| What the task requires |
Repeat exactly the lines from the first line of the records through the line containing "Jayson Werth has", and nothing more.

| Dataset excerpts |
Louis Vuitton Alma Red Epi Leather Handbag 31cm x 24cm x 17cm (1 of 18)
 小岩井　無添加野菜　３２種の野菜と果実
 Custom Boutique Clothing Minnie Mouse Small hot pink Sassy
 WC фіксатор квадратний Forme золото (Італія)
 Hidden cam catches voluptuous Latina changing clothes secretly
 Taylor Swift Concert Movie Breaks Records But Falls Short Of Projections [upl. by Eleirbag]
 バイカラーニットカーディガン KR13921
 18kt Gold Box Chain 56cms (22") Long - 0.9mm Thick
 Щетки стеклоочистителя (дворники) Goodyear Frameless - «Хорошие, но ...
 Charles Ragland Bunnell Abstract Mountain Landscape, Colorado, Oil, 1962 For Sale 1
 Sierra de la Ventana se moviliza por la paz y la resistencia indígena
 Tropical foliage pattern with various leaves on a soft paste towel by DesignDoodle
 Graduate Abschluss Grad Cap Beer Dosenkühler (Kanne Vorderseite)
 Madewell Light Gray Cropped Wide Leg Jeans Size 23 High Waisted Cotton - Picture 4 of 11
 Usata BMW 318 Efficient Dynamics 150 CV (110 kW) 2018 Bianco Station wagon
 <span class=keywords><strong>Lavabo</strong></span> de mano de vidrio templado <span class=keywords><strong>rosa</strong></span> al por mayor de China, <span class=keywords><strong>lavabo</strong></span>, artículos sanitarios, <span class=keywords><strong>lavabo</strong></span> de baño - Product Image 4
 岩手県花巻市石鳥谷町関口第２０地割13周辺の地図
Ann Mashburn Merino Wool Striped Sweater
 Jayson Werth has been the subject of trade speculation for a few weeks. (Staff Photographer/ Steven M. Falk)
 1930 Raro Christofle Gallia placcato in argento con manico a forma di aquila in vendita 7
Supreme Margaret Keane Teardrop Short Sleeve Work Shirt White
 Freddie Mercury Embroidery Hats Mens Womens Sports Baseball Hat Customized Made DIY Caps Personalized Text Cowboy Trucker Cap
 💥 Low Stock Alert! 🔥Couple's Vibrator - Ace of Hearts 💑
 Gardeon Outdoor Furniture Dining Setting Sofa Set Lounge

| Solution to the exercise |
Louis Vuitton Alma Red Epi Leather Handbag 31cm x 24cm x 17cm (1 of 18)
 小岩井　無添加野菜　３２種の野菜と果実
 Custom Boutique Clothing Minnie Mouse Small hot pink Sassy
 WC фіксатор квадратний Forme золото (Італія)
 Hidden cam catches voluptuous Latina changing clothes secretly
 Taylor Swift Concert Movie Breaks Records But Falls Short Of Projections [upl. by Eleirbag]
 バイカラーニットカーディガン KR13921
 18kt Gold Box Chain 56cms (22") Long - 0.9mm Thick
 Щетки стеклоочистителя (дворники) Goodyear Frameless - «Хорошие, но ...
 Charles Ragland Bunnell Abstract Mountain Landscape, Colorado, Oil, 1962 For Sale 1
 Sierra de la Ventana se moviliza por la paz y la resistencia indígena
 Tropical foliage pattern with various leaves on a soft paste towel by DesignDoodle
 Graduate Abschluss Grad Cap Beer Dosenkühler (Kanne Vorderseite)
 Madewell Light Gray Cropped Wide Leg Jeans Size 23 High Waisted Cotton - Picture 4 of 11
 Usata BMW 318 Efficient Dynamics 150 CV (110 kW) 2018 Bianco Station wagon
 <span class=keywords><strong>Lavabo</strong></span> de mano de vidrio templado <span class=keywords><strong>rosa</strong></span> al por mayor de China, <span class=keywords><strong>lavabo</strong></span>, artículos sanitarios, <span class=keywords><strong>lavabo</strong></span> de baño - Product Image 4
 岩手県花巻市石鳥谷町関口第２０地割13周辺の地図
Ann Mashburn Merino Wool Striped Sweater
 Jayson Werth has been the subject of trade speculation for a few weeks. (Staff Photographer/ Steven M. Falk)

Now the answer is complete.